BRIEF ::
Copy the lines of the data below exactly, starting at the first and stopping after the line that contains "a building with"; include no pictures.

---------- PROVIDED ENTRIES ----------

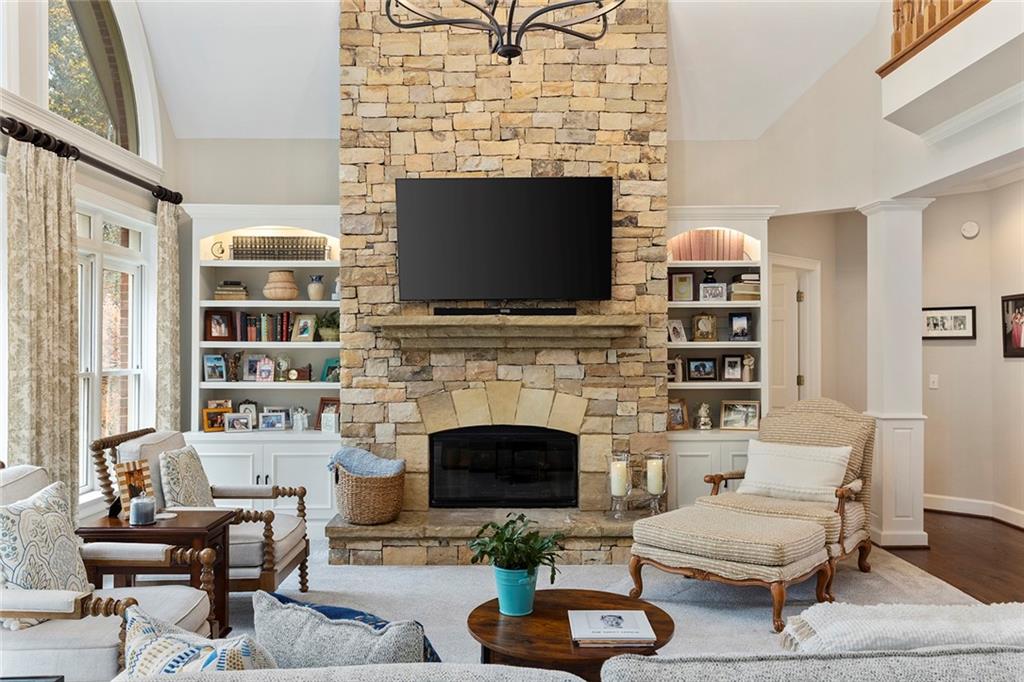 219 Morning Mist Way Woodstock, GA 30189 - Photo 19 of 72 a living room with furniture a fireplace and a flat screen tv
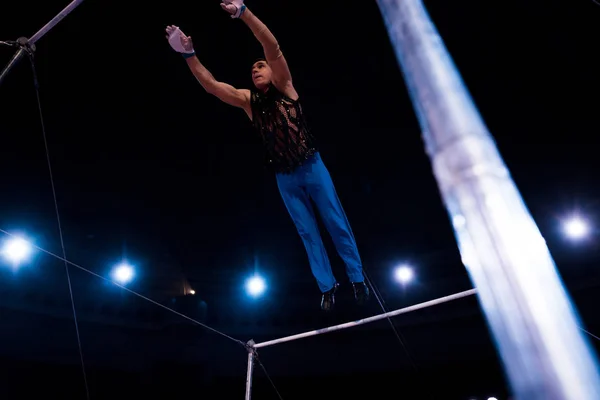 Selective focus of handsome gymnast performing on horizontal bars in circus — Stock Photo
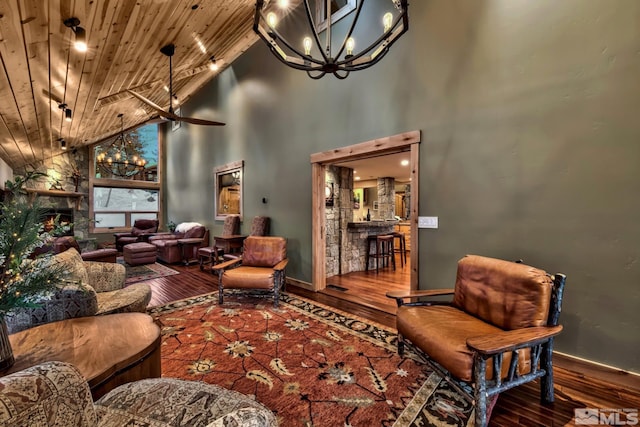 living room with wooden ceiling, a fireplace, hardwood / wood-style flooring, ceiling fan with notable chandelier, and high vaulted ceiling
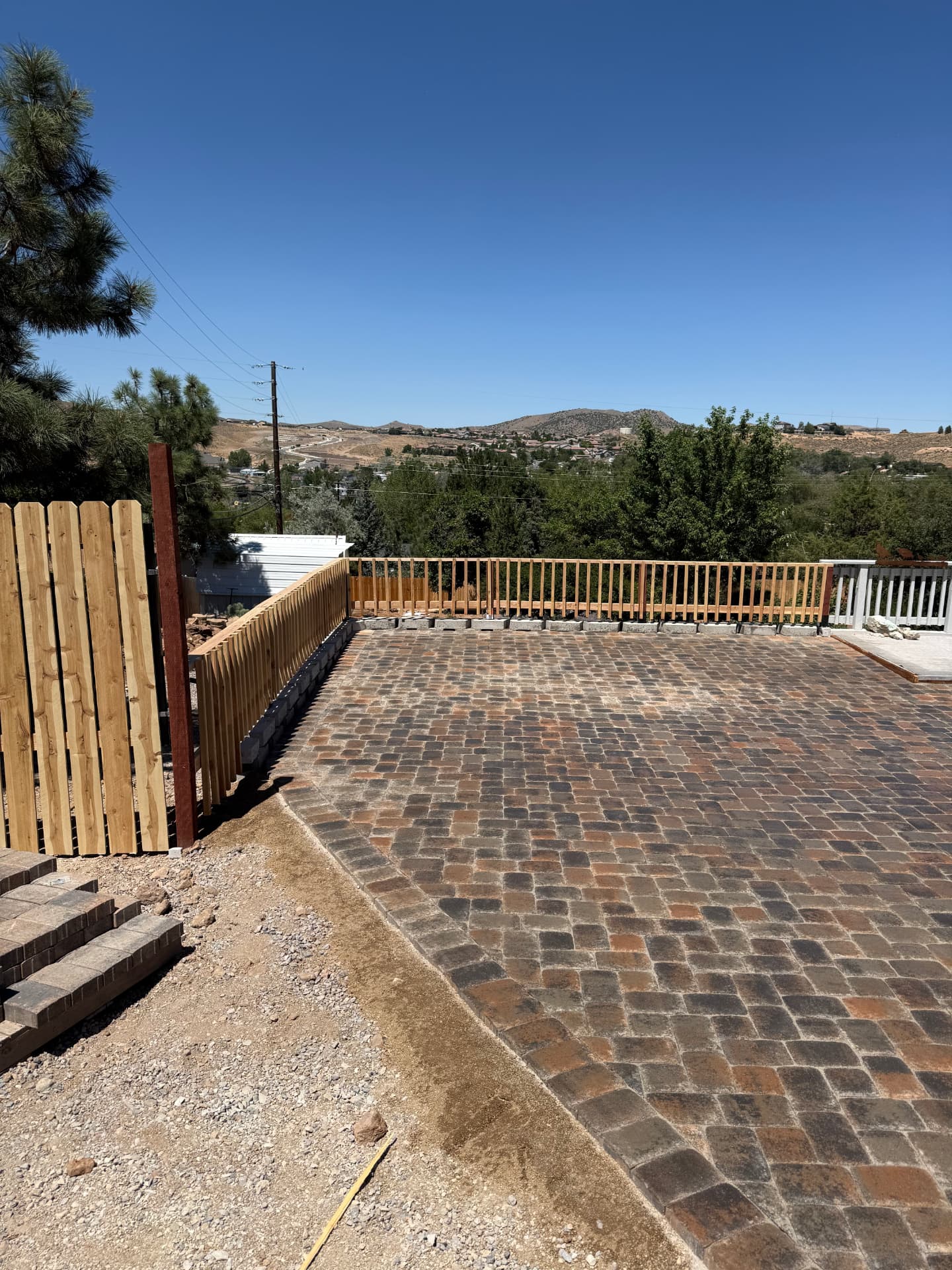 Wide view of completed paver patio, cedar fence, and Reno valley backdrop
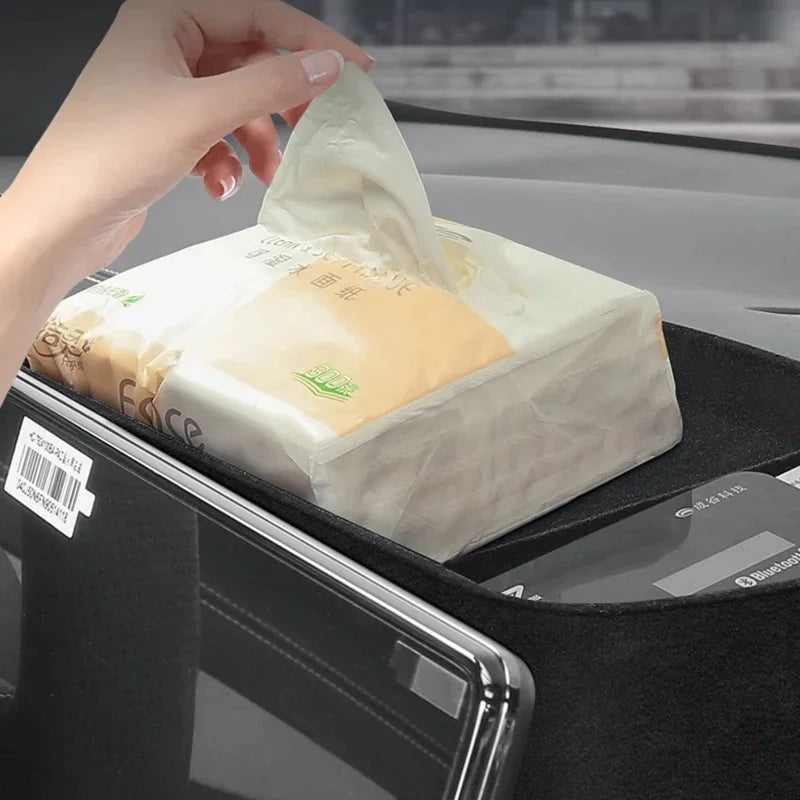 Hand pulling a tissue from a pack in a black velvet car dashboard storage organizer.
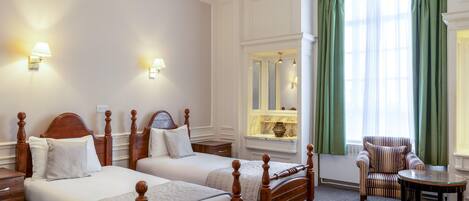 A hotel room with two wooden beds, a sitting area with a chair and table, a window with green curtains, and wall-mounted lamps.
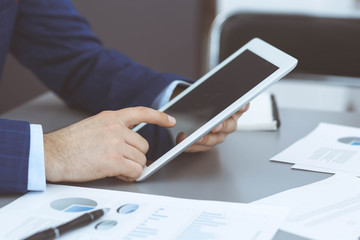 Businessman using tablet at meeting, closeup of hands. Business operations concept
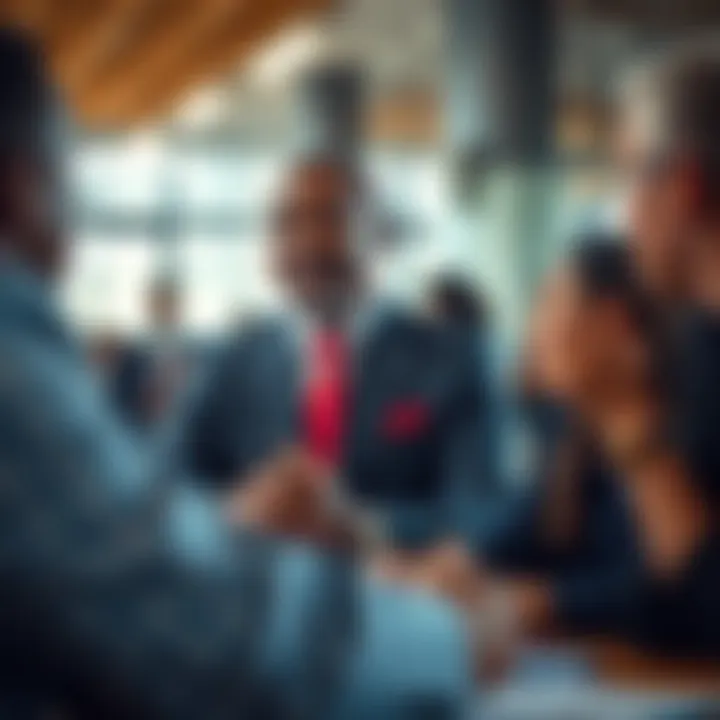 Collaborative Successes of Jabulani Ngcobo in His Career Jabulani Ngcobo engaging in a discussion with colleagues, highlighting his professional achievements and collaborative spirit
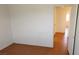 Bedroom with tile floor, blank walls, and open doorway to another room at 4285 El Como Way, Las Vegas, NV 89121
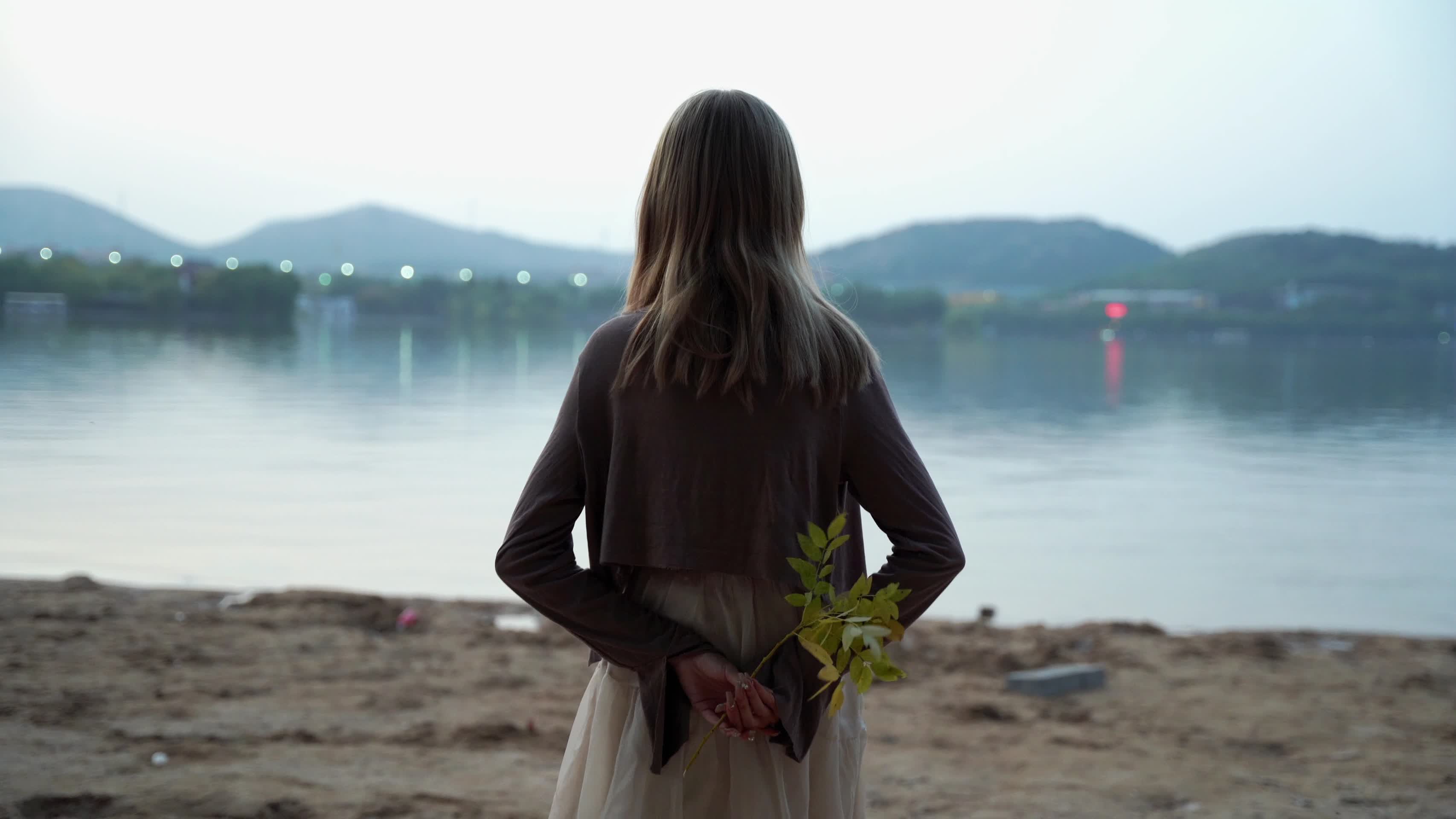女生拿花径直走向湖边视频的预览图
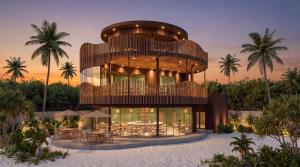 a building with tables and chairs in front of it at Lagoona Eco Resort Binh Chau in Binh Chau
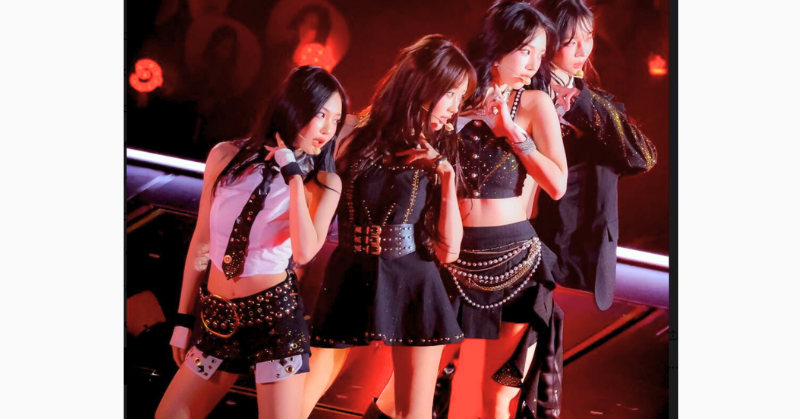 aespaの4人のメンバーが、赤いライトに照らされたステージ上でパフォーマンス中。全員がブラックを基調にした衣装を着用し、真剣な表情で指を口元に当てる印象的なポーズをとっている画像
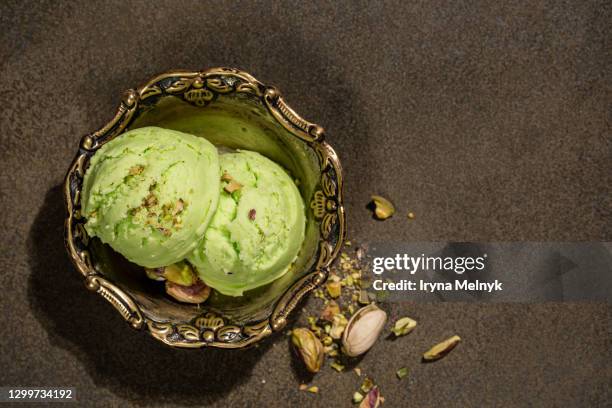 overhead shot of homemade pistachio ice cream in retro metal bowl with chopped pistachios on green brown background. top view, copy space - glace pistache photos et images de collection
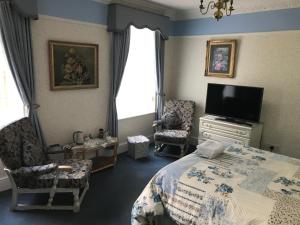 um quarto com uma cama e uma televisão de ecrã plano em Tanamara Guest House em Retford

----------

ANSWER TO THIS TASK ::
 219 Morning Mist Way Woodstock, GA 30189 - Photo 19 of 72 a living room with furniture a fireplace and a flat screen tv
 Selective focus of handsome gymnast performing on horizontal bars in circus — Stock Photo
 living room with wooden ceiling, a fireplace, hardwood / wood-style flooring, ceiling fan with notable chandelier, and high vaulted ceiling
 Wide view of completed paver patio, cedar fence, and Reno valley backdrop
 Hand pulling a tissue from a pack in a black velvet car dashboard storage organizer.
 A hotel room with two wooden beds, a sitting area with a chair and table, a window with green curtains, and wall-mounted lamps.
 Businessman using tablet at meeting, closeup of hands. Business operations concept
 Collaborative Successes of Jabulani Ngcobo in His Career Jabulani Ngcobo engaging in a discussion with colleagues, highlighting his professional achievements and collaborative spirit
 Bedroom with tile floor, blank walls, and open doorway to another room at 4285 El Como Way, Las Vegas, NV 89121
女生拿花径直走向湖边视频的预览图
 a building with tables and chairs in front of it at Lagoona Eco Resort Binh Chau in Binh Chau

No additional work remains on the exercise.